● Problem to solve
From the line with "HarperHorne" through the line with "Daylite Wheeled Duffel 85 rullekuffert", inclusive, return each line of the data below exactly and leave the rest out.

Recorded data:
---
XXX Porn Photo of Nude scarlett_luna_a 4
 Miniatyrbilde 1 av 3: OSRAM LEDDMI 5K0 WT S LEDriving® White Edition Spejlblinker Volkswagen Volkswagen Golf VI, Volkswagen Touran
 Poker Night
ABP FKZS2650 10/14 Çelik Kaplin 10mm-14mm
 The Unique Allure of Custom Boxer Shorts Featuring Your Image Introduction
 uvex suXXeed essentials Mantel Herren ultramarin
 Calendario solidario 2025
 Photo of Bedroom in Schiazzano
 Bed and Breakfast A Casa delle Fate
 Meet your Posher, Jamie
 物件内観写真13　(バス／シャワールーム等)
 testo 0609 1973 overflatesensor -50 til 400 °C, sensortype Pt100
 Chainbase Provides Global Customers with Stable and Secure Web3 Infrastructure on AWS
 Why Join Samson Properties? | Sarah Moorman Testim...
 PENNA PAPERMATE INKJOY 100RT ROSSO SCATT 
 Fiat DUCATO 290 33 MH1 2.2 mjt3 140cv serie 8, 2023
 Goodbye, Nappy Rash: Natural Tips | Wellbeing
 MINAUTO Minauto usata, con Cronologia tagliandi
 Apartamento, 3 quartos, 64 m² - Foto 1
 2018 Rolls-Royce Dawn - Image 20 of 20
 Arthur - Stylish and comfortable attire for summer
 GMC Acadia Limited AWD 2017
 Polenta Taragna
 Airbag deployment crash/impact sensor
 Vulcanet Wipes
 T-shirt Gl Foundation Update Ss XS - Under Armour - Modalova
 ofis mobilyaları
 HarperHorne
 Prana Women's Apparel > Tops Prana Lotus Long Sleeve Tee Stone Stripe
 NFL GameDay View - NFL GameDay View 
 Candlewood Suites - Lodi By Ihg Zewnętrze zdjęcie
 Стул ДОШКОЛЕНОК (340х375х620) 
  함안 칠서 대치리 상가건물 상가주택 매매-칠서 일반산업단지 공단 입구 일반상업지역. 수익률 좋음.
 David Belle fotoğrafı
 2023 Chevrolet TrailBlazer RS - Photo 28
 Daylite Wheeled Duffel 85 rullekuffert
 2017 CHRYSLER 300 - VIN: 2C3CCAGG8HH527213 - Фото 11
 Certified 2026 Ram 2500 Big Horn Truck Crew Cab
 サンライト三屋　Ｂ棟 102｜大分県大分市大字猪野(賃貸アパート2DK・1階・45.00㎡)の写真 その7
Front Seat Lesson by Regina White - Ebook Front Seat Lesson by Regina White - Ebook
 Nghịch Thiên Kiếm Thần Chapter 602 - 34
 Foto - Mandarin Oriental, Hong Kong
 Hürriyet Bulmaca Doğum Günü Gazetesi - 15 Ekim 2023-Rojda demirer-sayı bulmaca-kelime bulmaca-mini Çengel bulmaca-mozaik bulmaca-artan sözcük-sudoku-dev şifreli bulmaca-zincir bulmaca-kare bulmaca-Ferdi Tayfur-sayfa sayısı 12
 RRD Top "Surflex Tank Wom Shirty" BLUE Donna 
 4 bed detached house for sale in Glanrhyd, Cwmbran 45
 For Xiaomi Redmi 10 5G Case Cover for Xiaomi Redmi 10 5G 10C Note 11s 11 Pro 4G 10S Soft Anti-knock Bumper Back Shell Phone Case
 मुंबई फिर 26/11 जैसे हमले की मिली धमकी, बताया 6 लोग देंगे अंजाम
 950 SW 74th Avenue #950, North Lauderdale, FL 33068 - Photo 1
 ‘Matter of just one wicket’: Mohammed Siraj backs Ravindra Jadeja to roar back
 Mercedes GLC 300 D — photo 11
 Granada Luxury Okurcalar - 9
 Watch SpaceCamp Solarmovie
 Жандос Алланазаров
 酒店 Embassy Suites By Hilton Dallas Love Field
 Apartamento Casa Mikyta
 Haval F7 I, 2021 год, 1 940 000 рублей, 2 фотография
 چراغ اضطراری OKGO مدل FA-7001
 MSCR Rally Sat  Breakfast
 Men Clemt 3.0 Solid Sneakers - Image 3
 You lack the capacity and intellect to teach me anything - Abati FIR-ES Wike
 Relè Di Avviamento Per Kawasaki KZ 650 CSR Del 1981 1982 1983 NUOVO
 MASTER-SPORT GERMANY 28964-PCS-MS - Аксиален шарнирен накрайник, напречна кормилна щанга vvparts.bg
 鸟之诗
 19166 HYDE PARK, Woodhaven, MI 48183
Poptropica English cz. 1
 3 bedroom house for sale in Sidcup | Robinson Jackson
---
● Solution for this task
 HarperHorne
 Prana Women's Apparel > Tops Prana Lotus Long Sleeve Tee Stone Stripe
 NFL GameDay View - NFL GameDay View 
 Candlewood Suites - Lodi By Ihg Zewnętrze zdjęcie
 Стул ДОШКОЛЕНОК (340х375х620) 
  함안 칠서 대치리 상가건물 상가주택 매매-칠서 일반산업단지 공단 입구 일반상업지역. 수익률 좋음.
 David Belle fotoğrafı
 2023 Chevrolet TrailBlazer RS - Photo 28
 Daylite Wheeled Duffel 85 rullekuffert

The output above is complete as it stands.